National Heart and Lung Institute, Imperial College London, London, United Kingdom.
Queensland Lung Transplant Service, The Prince Charles Hospital, Brisbane, Queensland, Australia.
Am J Respir Crit Care Med. 2022 Oct 1;206(7):883-891. doi: 10.1164/rccm.202112-2684OC.

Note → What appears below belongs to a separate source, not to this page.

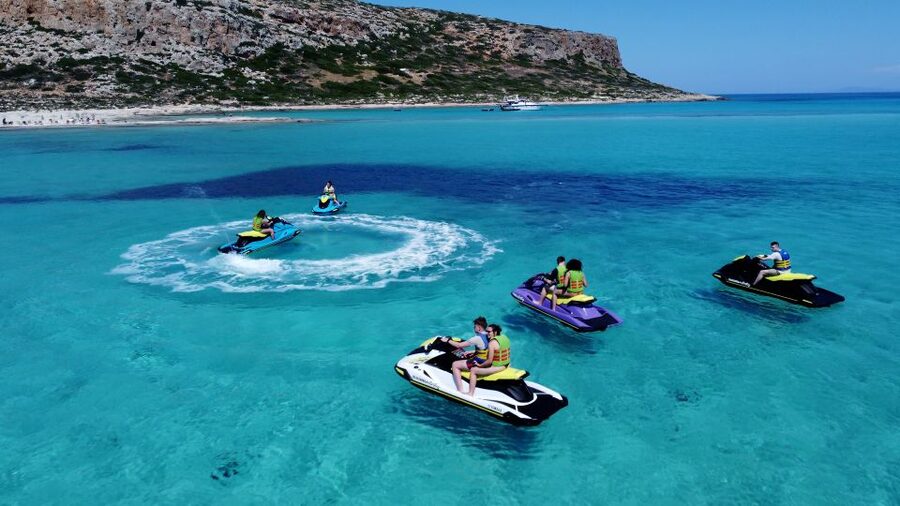 Falasarna: Jet Ski Safari to Balos Beach - The Gramvousa photo pass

Reliable outcome prediction in patients with fibrotic lung disease using baseline high-resolution computed tomography (HRCT) data remains challenging. To evaluate the prognostic accuracy of a deep learning algorithm (SOFIA [Systematic Objective Fibrotic Imaging Analysis Algorithm]), trained and validated in the identification of usual interstitial pneumonia (UIP)-like features on HRCT (UIP probability), in a large cohort of well-characterized patients with progressive fibrotic lung disease drawn from a national registry. SOFIA and radiologist UIP probabilities were converted to Prospective Investigation of Pulmonary Embolism Diagnosis (PIOPED)-based UIP probability categories (UIP not included in the differential, 0-4%; low probability of UIP, 5-29%; intermediate probability of UIP, 30-69%; high probability of UIP, 70-94%; and pathognomonic for UIP, 95-100%), and their prognostic utility was assessed using Cox proportional hazards modeling. In multivariable analysis adjusting for age, sex, guideline-based radiologic diagnosis, anddisease severity (using total interstitial lung disease [ILD] extent on HRCT, percent predicted FVC, Dl, or the composite physiologic index), only SOFIA UIP probability PIOPED categories predicted survival. SOFIA-PIOPED UIP probability categories remained prognostically significant in patients considered indeterminate ( = 83) by expert radiologist consensus (hazard ratio, 1.73; < 0.0001; 95% confidence interval, 1.40-2.14). In patients undergoing surgical lung biopsy ( = 86), after adjusting for guideline-based histologic pattern and total ILD extent on HRCT, only SOFIA-PIOPED probabilities were predictive of mortality (hazard ratio, 1.75; < 0.0001; 95% confidence interval, 1.37-2.25). Deep learning-based UIP probability on HRCT provides enhanced outcome prediction in patients with progressive fibrotic lung disease when compared with expert radiologist evaluation or guideline-based histologic pattern. In principle, this tool may be useful in multidisciplinary characterization of fibrotic lung disease. The utility of this technology as a decision support system when ILD expertise is unavailable requires further investigation.
在纤维化肺部疾病患者中,使用基线高分辨率计算机断层扫描 (HRCT) 数据进行可靠的预后预测仍然具有挑战性。本研究旨在评估深度学习算法 (SOFIA [系统客观纤维化成像分析算法]) 在识别 HRCT 上特发性间质性肺炎 (UIP)-样特征方面的预后准确性,该算法是在全国登记处纳入的一组特征明确的进展性纤维化肺部疾病患者中进行训练和验证的。SOFIA 和放射科医生的 UIP 概率转换为基于前瞻性肺栓塞诊断研究 (PIOPED) 的 UIP 概率类别(UIP 不包括在鉴别诊断中,0-4%;UIP 低度可能,5-29%;UIP 中度可能,30-69%;UIP 高度可能,70-94%;和特发性 UIP,95-100%),并使用 Cox 比例风险建模评估其预后价值。在多变量分析中,调整年龄、性别、基于指南的放射学诊断和疾病严重程度(使用 HRCT 上的总间质性肺病 [ILD] 程度、预测 FVC 的百分比、Dl 或复合生理指数)后,只有 SOFIA UIP 概率 PIOPED 类别预测生存。SOFIA-PIOPED UIP 概率类别在专家放射科医生共识认为不确定的患者( = 83)中仍然具有预后意义(风险比,1.73; < 0.0001;95%置信区间,1.40-2.14)。在接受手术肺活检的患者中( = 86),在调整基于指南的组织学模式和 HRCT 上的总 ILD 程度后,只有 SOFIA-PIOPED 概率与死亡率相关(风险比,1.75; < 0.0001;95%置信区间,1.37-2.25)。基于 HRCT 的深度学习 UIP 概率与专家放射科医生评估或基于指南的组织学模式相比,可提高进展性纤维化肺部疾病患者的预后预测能力。原则上,该工具可用于纤维化肺部疾病的多学科特征描述。当缺乏ILD 专业知识时,该技术作为决策支持系统的效用还需要进一步研究。